▶ Extracted data entries
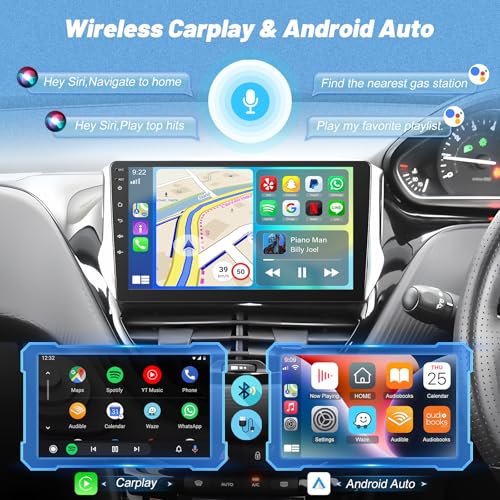 2G+64G Android Car Radio for Peugeot 208/2008 2012-2018 with Wireless Carplay and Android Car, 10 Inch Screen 2 Din Radio with GPS/WiFi/Bluetooth/EQ/FM RDS Radio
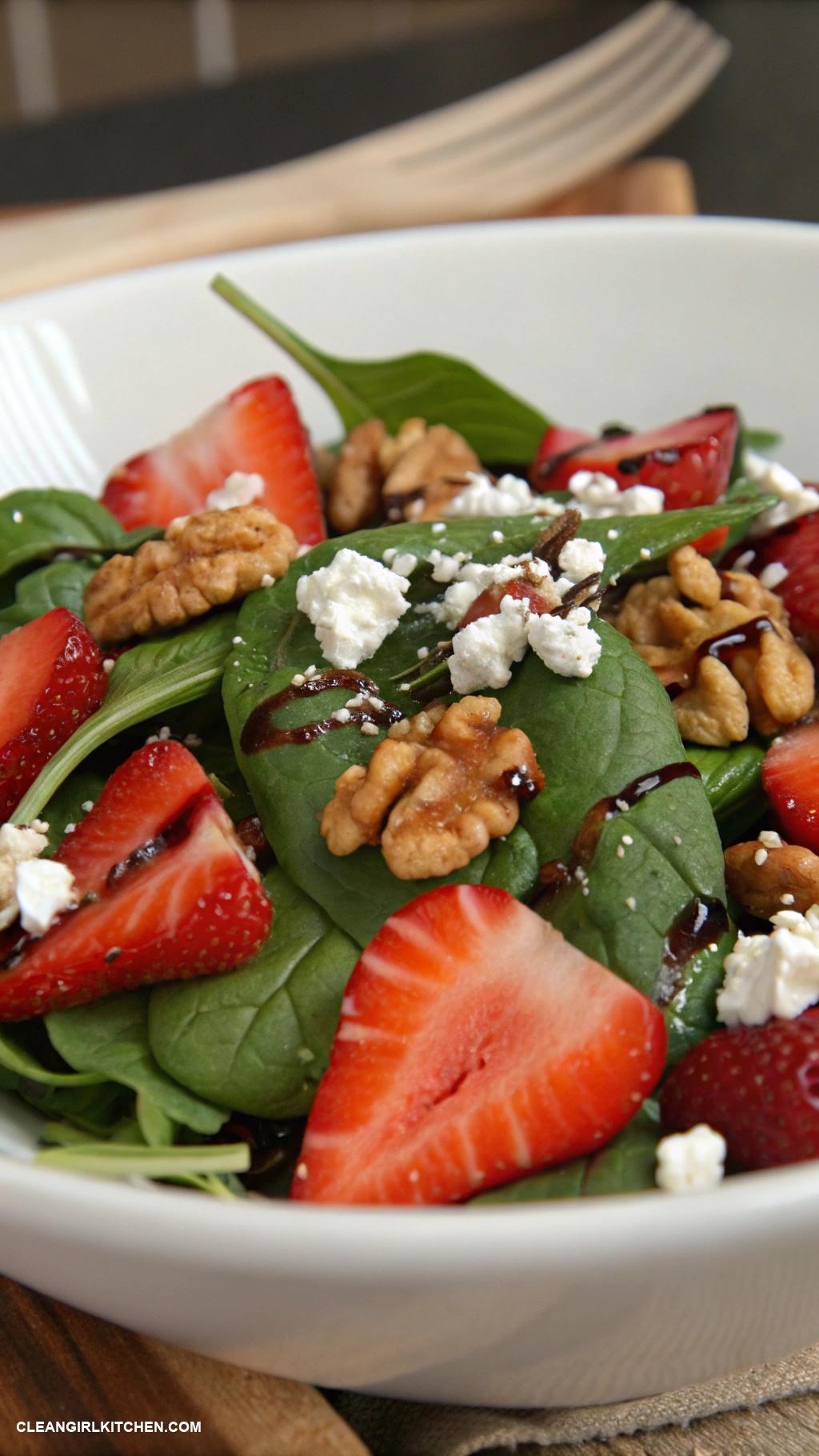 detox salads Spinach and Strawberry Salad with Balsamic Glaze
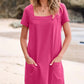 🔥Limited time sale 49% OFF🔥Women's Casual Square Neck Pocket Short Sleeve Dress with Pockets(BUY MORE SAVE MORE)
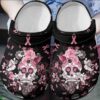 Floral Skull Breast Cancer Awareness Crocs Clog Clog Shoes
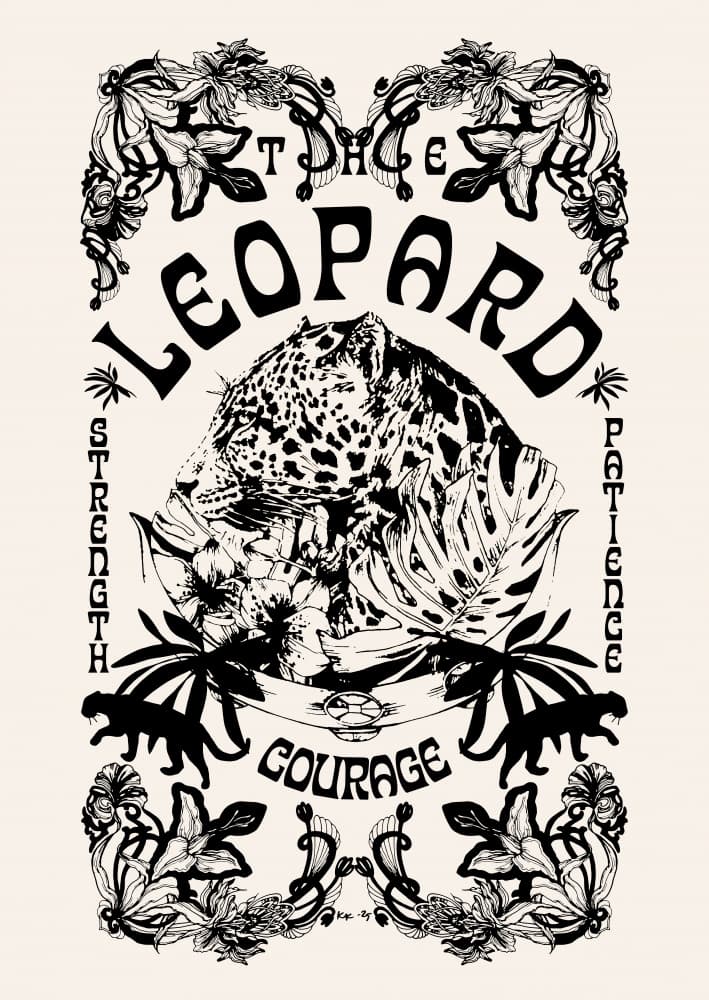Ornate Leopard Power by Katariina Kosunen — canvas wall art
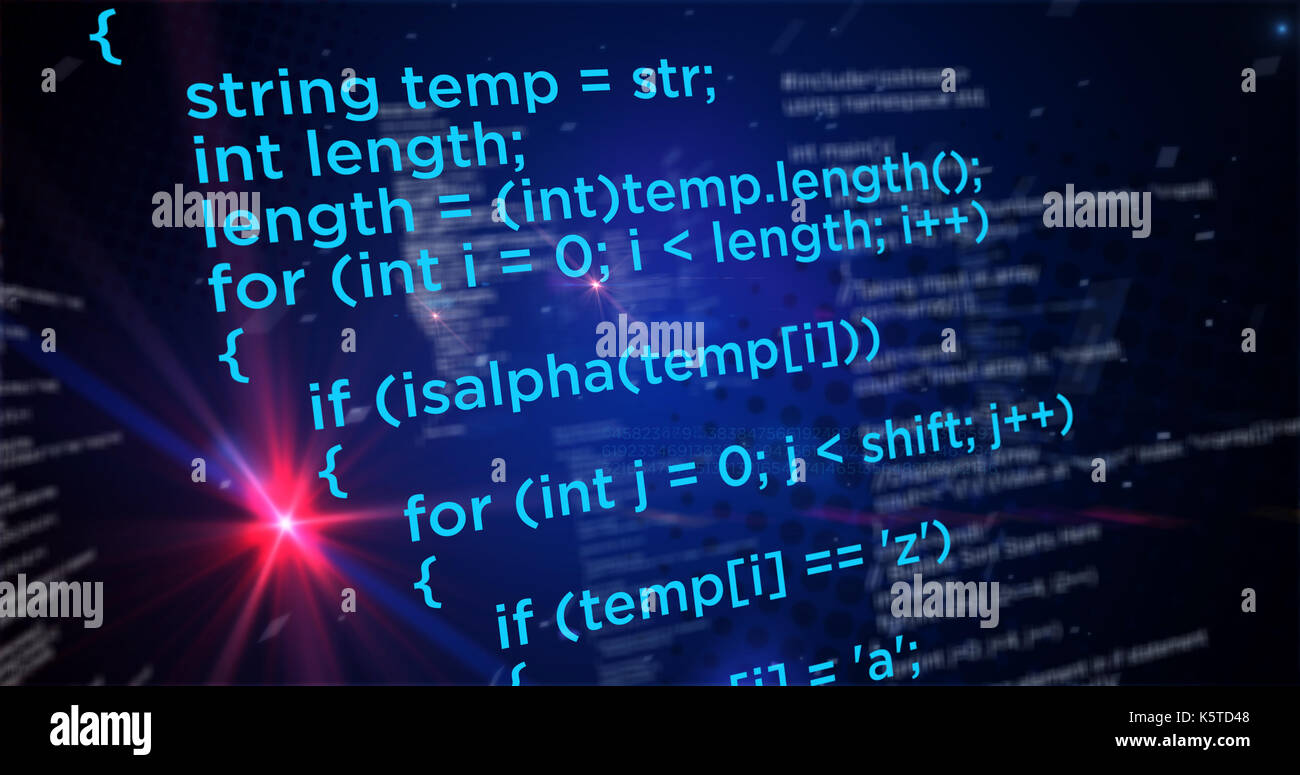 Computer programming code and technology concept. Big data and software abstract background. Stock Photo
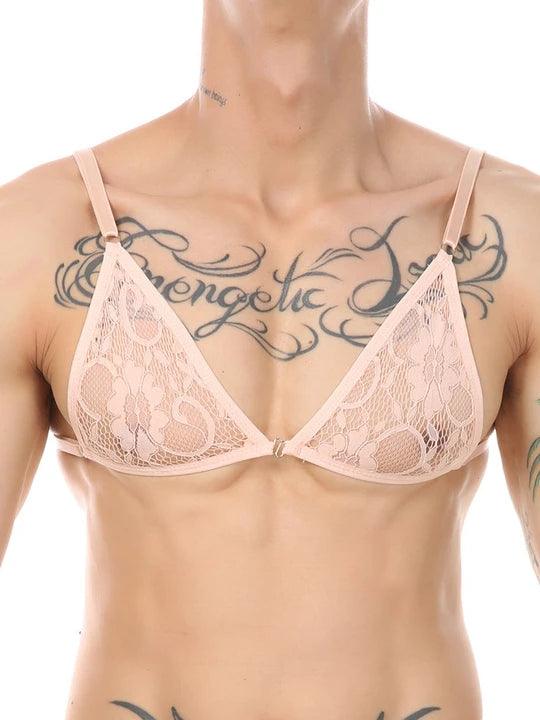 Men's Bikini Lace Bra Thongs Underwear Suit - QQNY011 - YDressup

▶ Task to carry out
Your task is to transcribe, exactly and without additions, every line from the one that contains "Floral Skull Breast" to the end of the entries above, both included. Omit all pictures.

▶ Answer to the exercise
 Floral Skull Breast Cancer Awareness Crocs Clog Clog Shoes
Ornate Leopard Power by Katariina Kosunen — canvas wall art
 Computer programming code and technology concept. Big data and software abstract background. Stock Photo
 Men's Bikini Lace Bra Thongs Underwear Suit - QQNY011 - YDressup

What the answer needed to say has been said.